Instructional Leadership in Action

What's Next: Schooling or Learning?

by Greg Sommers on Mar 31, 2020

remote_learning-2

Our current wave of school closures is yielding an unprecedented shift to online and distance learning.

Some are meeting this shift with a surge of enthusiasm for innovation. Others are approaching it more cautiously. I wonder — for my own children and for kids around the country — what the students’ experiences will be like on this frontier. Will education leaders aim only to reproduce their current experiences, or will leaders empower educators to use this opportunity to revitalize learning?

Several years ago, I was part of a group discussion led by Chris Bradford, the innovative CEO of the African Leadership Academy. Chris asked a room of educators to write down a set of words they associate with the term “education.” People dutifully made their lists: desks, bells, tests, teachers, textbooks and rules. Then, Chris asked the group to note words they associate with the term “learning.” Everyone furiously scribbled down words like challenge, excitement, curiosity, growth, risk and fun. 

Without more fundamental changes to systems and conditions, technology will amplify inequities, not solve them.

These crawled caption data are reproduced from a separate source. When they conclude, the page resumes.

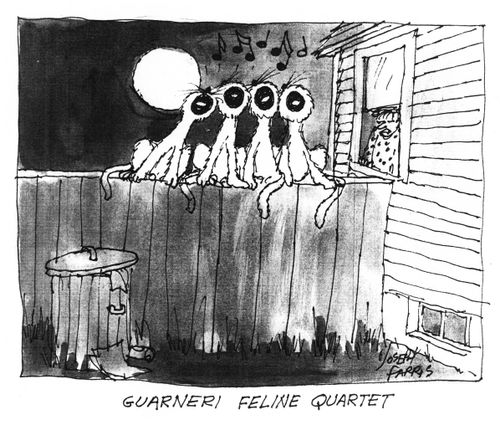 Guarneri Feline Quartet.
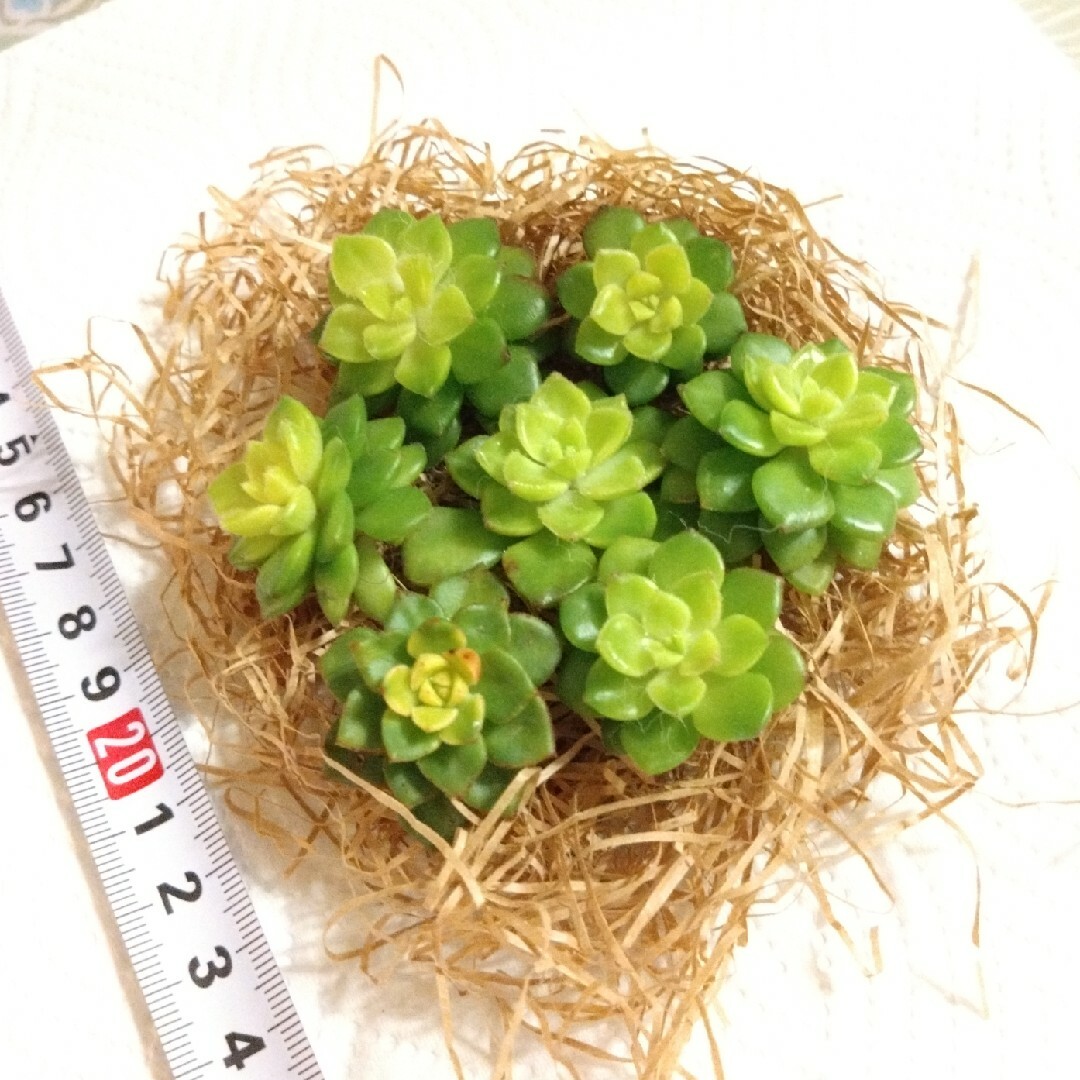 多肉植物🌱マジックジャムゴールド💕カット苗 ハンドメイドのフラワー/ガーデン(その他)の商品写真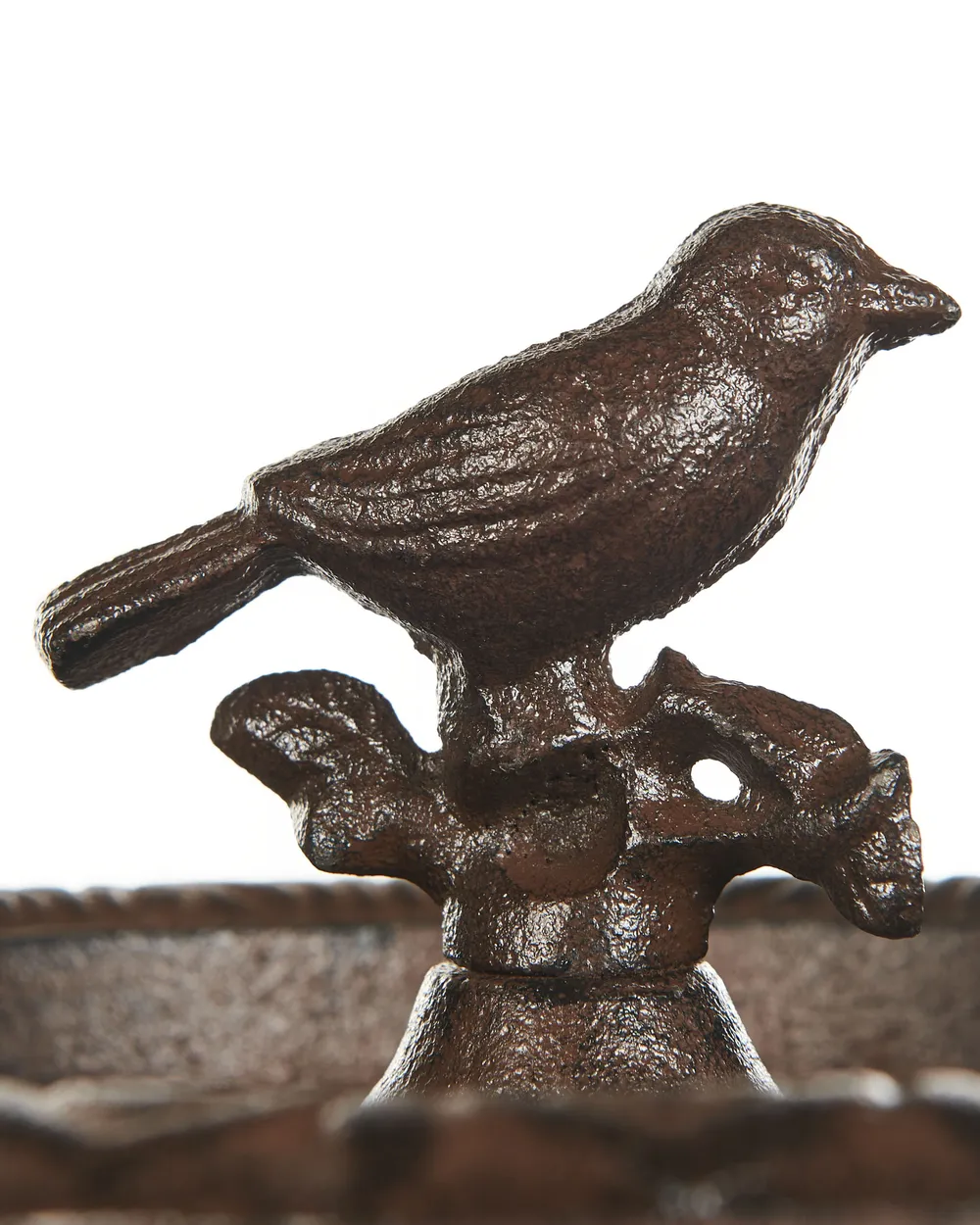 Bird Bath SWALLOW Brown_956212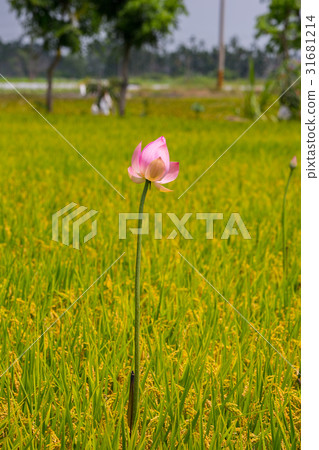 台灣台南白河蓮花Asia Taiwan Lotus 31681214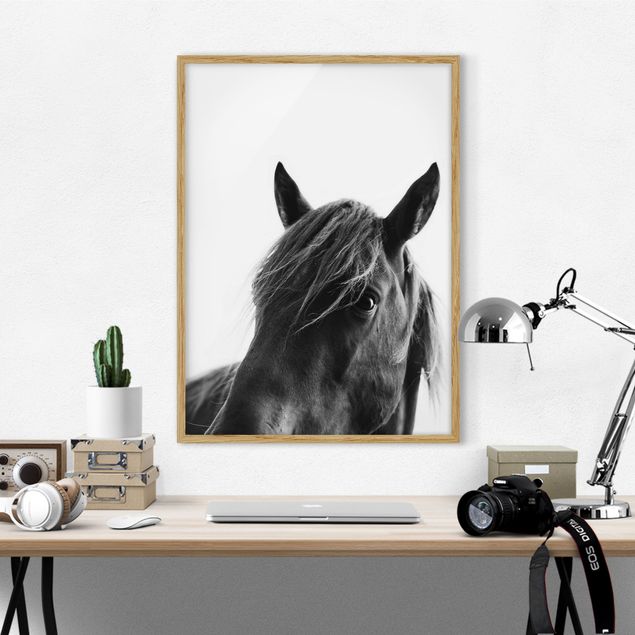 Poster con cornice - Cavallo curioso
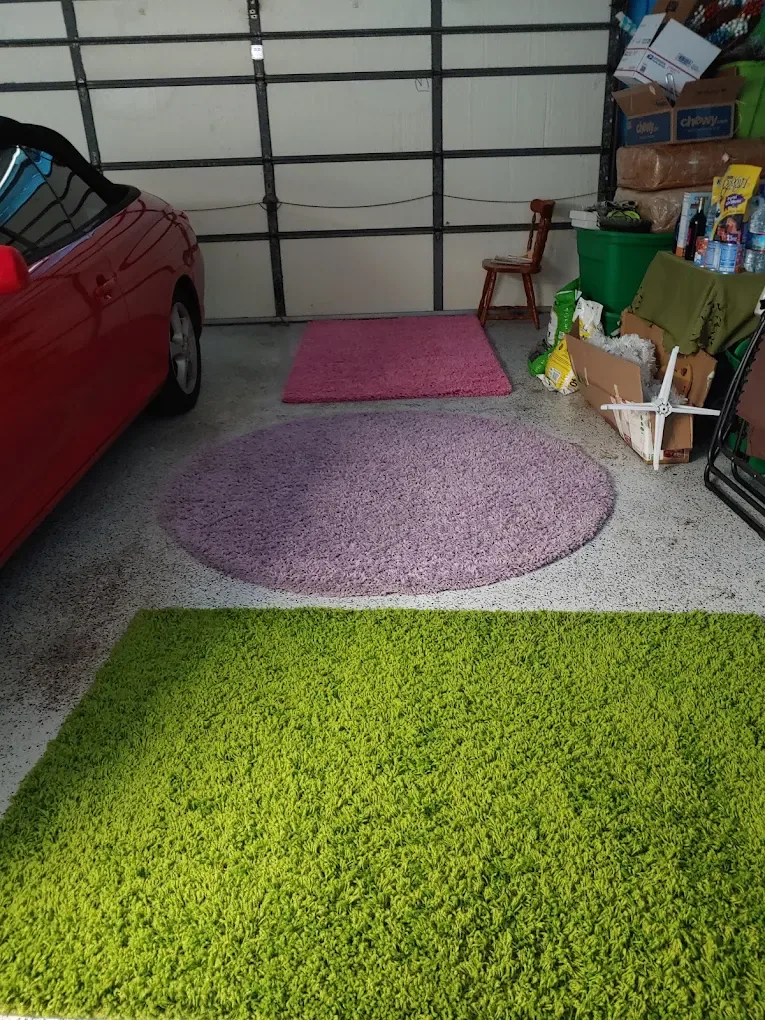 three shag area rugs lime lavender pink garage red convertib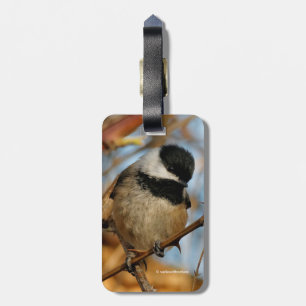 Étiquette À Bagage Chickadee Songbird, Joli Espérant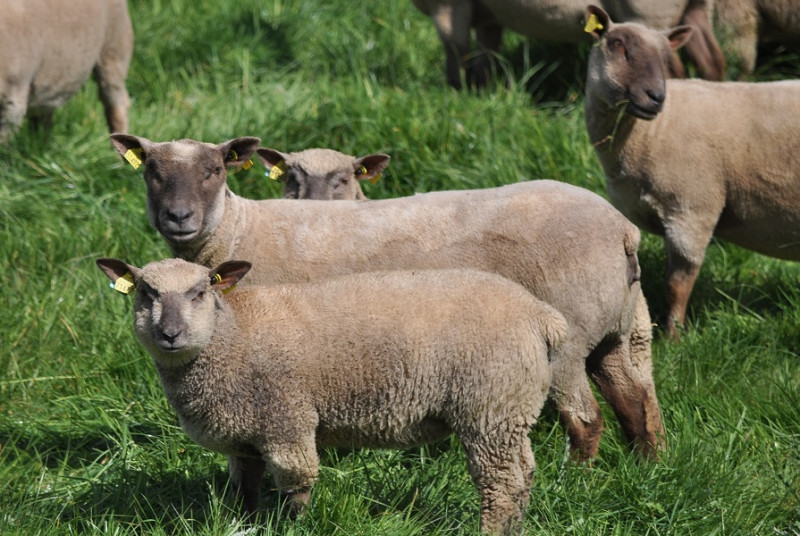 Brebis Agnelles et béliers race Mouton Vendéen Petites annonces Alliance Elevage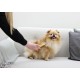 Kerbl Magicbrush Dog Kerbl Magicbrush Dog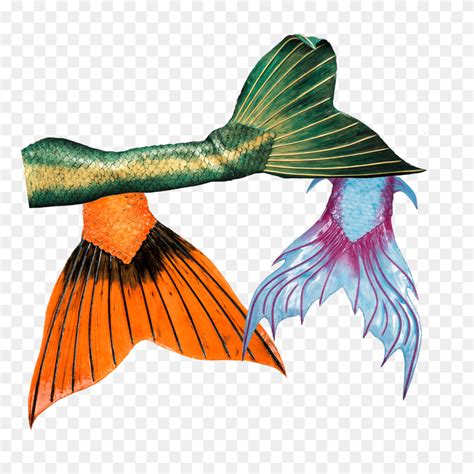 High Quality Mermaid Tails Mermaid Tail Png Stunning Free Transparent Png Clipart Images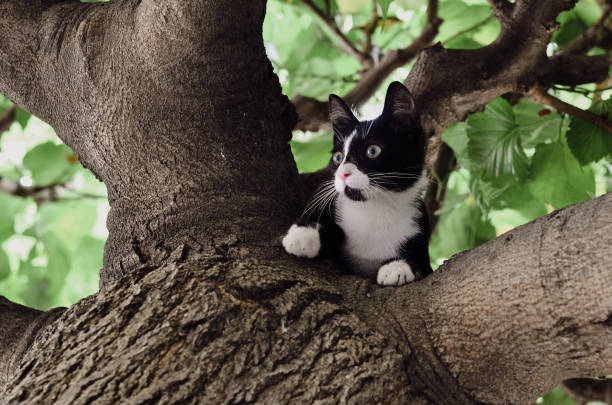 Close-up of a young cat in a tree from below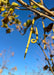 Closeup of a cigar-like pod and bare branches in fall. A clear blue sky in the background.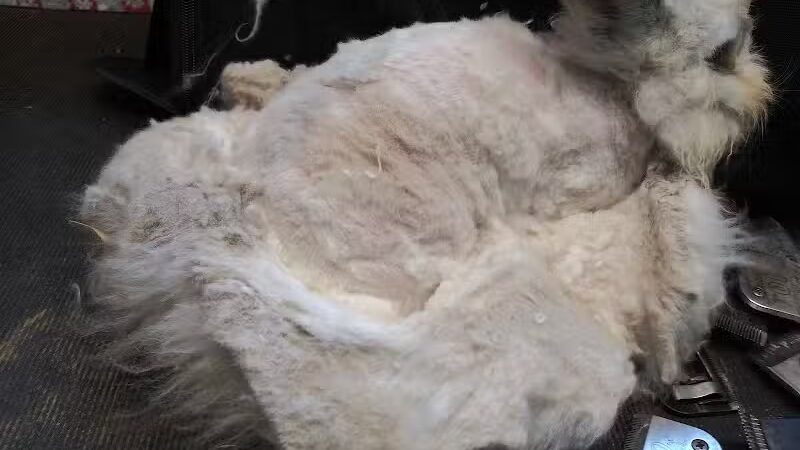 June's Pet Grooming - Byron, MI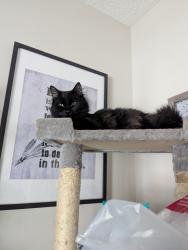 Lost Male Cat last seen Copperpond Park SE, Calgary, AB T2Z 1Z4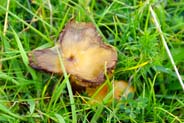 Western Isles Photos - Funghi - Isle of Lewis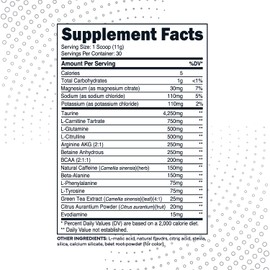 Type Zero Type Zero AminoBurn (Watermelon Flavored) - Vegan Amino Acids Energy Pre Workout Drink for Women/Men Sugar-Free Energy Drink Powder & Amino Acids Supplement - Natural Preworkout Energy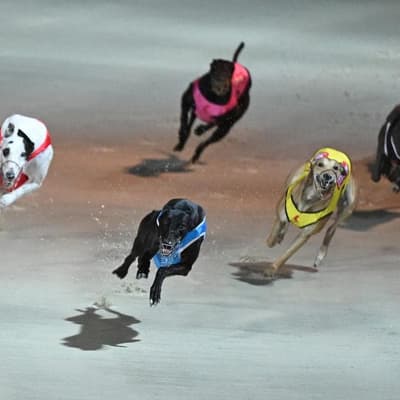 Another greyhound racing ban could see dishlickers done
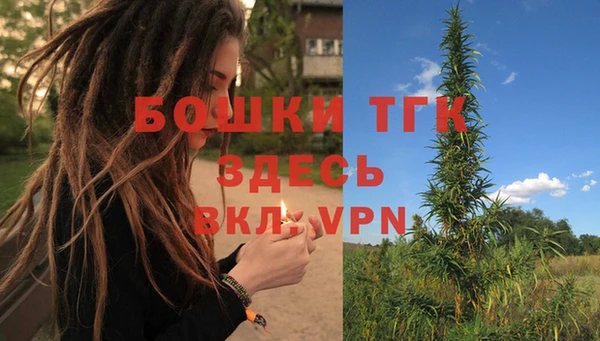 не бодяженный Каменск-Шахтинский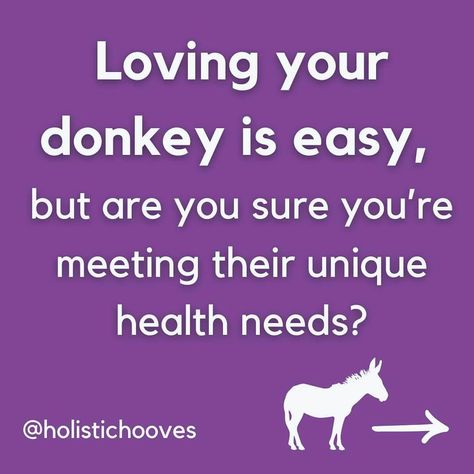 Loving your donkey is easy, but are you sure you’re meeting their unique health needs? 🤔 Most donkey owners struggle with these 4 things: 1️⃣ Farrier issues: Are they trimming donkey hooves correctly? 2️⃣ Diet concerns: Is their food causing hoof problems? 3️⃣ Environment: Is their space making hoof issues worse? 4️⃣ Hoof handling: Are you stressed every time you need to handle their hooves? If this sounds familiar, I’ve got the solution! In my Principles of Donkey Hooves & Health cours... You Sure, Love You, Diet, Health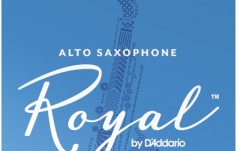 Ancie Daddario Woodwinds Royal Saxofon Alto 2.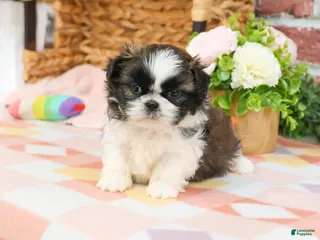 Shih Tzu dogs Aspen - Ad 35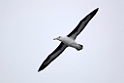 Black-browed Albatross.20081105_0790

Truly turning “education” into “learning” – that’s the crisis-as-opportunity our students need us to prioritize as our field rushes to respond to coronavirus closures. Without more fundamental changes to systems and conditions, technology will amplify inequities, not solve them. So we need to use this moment to produce new models of learning. We need to transform the student experience.

How do we begin to do this?

1. Re-establish connections for every out-of-school student in this country with a caring adult from their school. Ensuring access needs to be the highest priority to accomplish this driver of learning, even as we develop or adopt new innovations.

2. Discover fresh ways to ignite the interests and channel the motivation of students. This will require looking at curriculum not as something to move through, but rather as something to pull students into.

3. Develop better ways to scaffold student skills for reflection and metacognition. The 1:1 or 1:few agility that technology offers can be advantageous for accomplishing this.

4. Create online environments that support students with their agency and learning for mastery. It will become even more critical that we offer students opportunities for refinement and revision, rather than mere completion.

5. Ensure effective communication. As students rely on technology for a greater share of their communication, they’ll need feedback on the best ways to communicate with different audiences and purposes.

We need to challenge ourselves to examine critically — and ask students about! — what it’s like to learn in this new way.

Whatever our immediate approach to distance and online learning is, I think we need to challenge ourselves to examine critically — and ask students about! — what it’s like to learn in this new way. And we need to listen to students about how best to support them through this shift.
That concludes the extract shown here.